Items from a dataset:
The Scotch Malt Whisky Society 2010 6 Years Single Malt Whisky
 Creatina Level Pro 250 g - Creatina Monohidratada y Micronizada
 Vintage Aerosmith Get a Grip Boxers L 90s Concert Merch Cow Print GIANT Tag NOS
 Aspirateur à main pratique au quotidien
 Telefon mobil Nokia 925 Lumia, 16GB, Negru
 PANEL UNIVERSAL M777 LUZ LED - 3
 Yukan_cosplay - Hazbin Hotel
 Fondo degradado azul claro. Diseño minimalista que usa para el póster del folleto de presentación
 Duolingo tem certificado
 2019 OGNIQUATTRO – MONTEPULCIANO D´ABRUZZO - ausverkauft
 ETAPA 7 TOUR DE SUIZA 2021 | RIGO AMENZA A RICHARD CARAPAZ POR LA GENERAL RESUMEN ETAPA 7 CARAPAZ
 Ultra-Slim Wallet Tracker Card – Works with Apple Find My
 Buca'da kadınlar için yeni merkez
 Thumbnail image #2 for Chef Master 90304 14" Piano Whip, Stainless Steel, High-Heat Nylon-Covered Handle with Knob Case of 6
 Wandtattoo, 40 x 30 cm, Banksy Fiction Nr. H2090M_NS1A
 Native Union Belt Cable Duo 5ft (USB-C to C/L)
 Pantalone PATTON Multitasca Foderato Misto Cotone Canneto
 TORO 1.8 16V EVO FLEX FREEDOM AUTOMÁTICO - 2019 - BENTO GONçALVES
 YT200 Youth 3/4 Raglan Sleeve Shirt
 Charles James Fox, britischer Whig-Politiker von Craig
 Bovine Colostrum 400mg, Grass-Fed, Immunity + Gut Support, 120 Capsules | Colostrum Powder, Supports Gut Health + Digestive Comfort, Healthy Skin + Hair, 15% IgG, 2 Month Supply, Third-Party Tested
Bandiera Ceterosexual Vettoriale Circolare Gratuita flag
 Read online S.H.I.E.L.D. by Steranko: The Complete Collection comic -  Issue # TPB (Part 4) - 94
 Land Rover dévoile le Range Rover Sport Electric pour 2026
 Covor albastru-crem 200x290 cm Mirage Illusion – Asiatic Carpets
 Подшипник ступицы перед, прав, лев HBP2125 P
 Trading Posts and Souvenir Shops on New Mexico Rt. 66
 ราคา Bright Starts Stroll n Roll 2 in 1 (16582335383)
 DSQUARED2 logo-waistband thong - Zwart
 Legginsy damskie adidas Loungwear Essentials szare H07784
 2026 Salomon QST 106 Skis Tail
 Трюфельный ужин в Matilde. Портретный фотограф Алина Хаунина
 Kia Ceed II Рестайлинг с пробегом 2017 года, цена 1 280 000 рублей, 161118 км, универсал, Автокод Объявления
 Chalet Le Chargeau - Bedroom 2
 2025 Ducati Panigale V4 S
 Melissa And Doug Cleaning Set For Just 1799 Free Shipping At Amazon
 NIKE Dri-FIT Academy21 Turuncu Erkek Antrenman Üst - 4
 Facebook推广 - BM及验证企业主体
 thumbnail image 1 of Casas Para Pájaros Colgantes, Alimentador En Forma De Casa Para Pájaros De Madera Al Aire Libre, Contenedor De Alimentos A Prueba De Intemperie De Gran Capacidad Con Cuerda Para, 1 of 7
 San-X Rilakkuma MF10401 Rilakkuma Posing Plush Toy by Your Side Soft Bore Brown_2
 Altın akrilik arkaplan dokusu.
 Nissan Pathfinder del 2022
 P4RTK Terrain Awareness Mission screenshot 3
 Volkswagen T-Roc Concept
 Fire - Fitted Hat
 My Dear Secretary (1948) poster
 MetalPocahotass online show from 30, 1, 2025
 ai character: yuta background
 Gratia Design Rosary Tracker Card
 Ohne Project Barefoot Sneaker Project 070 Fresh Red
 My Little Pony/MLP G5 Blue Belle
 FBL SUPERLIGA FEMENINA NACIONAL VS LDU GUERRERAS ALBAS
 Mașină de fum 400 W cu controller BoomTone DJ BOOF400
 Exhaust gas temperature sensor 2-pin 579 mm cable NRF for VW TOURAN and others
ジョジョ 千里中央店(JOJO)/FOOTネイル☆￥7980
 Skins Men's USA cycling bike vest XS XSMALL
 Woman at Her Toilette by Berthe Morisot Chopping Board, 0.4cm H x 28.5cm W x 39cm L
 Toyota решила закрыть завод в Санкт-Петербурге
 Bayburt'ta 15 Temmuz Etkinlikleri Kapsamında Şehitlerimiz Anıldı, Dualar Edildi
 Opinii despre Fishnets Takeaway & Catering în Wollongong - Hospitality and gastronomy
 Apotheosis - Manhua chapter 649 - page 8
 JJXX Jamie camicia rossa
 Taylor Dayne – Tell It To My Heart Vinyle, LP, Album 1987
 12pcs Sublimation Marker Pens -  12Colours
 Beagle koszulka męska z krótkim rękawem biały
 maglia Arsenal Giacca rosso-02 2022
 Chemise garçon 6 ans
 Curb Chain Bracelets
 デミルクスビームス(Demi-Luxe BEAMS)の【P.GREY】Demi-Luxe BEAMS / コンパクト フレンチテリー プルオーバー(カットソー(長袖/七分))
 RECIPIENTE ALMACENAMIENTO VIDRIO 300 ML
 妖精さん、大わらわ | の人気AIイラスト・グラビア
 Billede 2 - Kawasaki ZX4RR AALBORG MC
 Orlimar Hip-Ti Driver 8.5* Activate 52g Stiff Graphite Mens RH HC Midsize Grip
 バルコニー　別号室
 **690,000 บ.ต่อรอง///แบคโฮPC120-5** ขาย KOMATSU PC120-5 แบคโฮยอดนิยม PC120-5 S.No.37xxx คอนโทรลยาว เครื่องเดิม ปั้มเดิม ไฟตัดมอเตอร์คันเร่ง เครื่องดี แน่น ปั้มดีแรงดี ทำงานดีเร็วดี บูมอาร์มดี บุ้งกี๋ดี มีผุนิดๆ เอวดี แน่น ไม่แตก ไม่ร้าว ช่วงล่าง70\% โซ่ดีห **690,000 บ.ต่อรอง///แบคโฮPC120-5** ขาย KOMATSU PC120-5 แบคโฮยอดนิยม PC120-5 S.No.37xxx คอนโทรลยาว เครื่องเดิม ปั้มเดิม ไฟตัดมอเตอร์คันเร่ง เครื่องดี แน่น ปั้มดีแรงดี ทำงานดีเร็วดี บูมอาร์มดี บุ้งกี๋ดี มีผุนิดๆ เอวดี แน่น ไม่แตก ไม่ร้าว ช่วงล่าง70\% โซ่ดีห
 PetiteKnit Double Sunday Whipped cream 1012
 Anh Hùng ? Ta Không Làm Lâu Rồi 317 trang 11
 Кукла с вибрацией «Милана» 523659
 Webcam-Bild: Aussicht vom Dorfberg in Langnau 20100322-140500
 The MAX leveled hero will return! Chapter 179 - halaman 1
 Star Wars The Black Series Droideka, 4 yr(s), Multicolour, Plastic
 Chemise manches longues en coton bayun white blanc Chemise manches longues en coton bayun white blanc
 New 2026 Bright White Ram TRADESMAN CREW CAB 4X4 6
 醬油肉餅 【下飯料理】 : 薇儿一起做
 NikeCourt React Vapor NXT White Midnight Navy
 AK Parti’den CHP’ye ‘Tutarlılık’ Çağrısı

- _Work to be completed_: Look above for the line with "Beagle koszulka męska z" and the line with "Billede 2 - Kawasaki ZX4RR AALBORG MC". Retype those two lines and every line between them exactly, adding nothing.

- _Exercise output_:
 Beagle koszulka męska z krótkim rękawem biały
 maglia Arsenal Giacca rosso-02 2022
 Chemise garçon 6 ans
 Curb Chain Bracelets
 デミルクスビームス(Demi-Luxe BEAMS)の【P.GREY】Demi-Luxe BEAMS / コンパクト フレンチテリー プルオーバー(カットソー(長袖/七分))
 RECIPIENTE ALMACENAMIENTO VIDRIO 300 ML
 妖精さん、大わらわ | の人気AIイラスト・グラビア
 Billede 2 - Kawasaki ZX4RR AALBORG MC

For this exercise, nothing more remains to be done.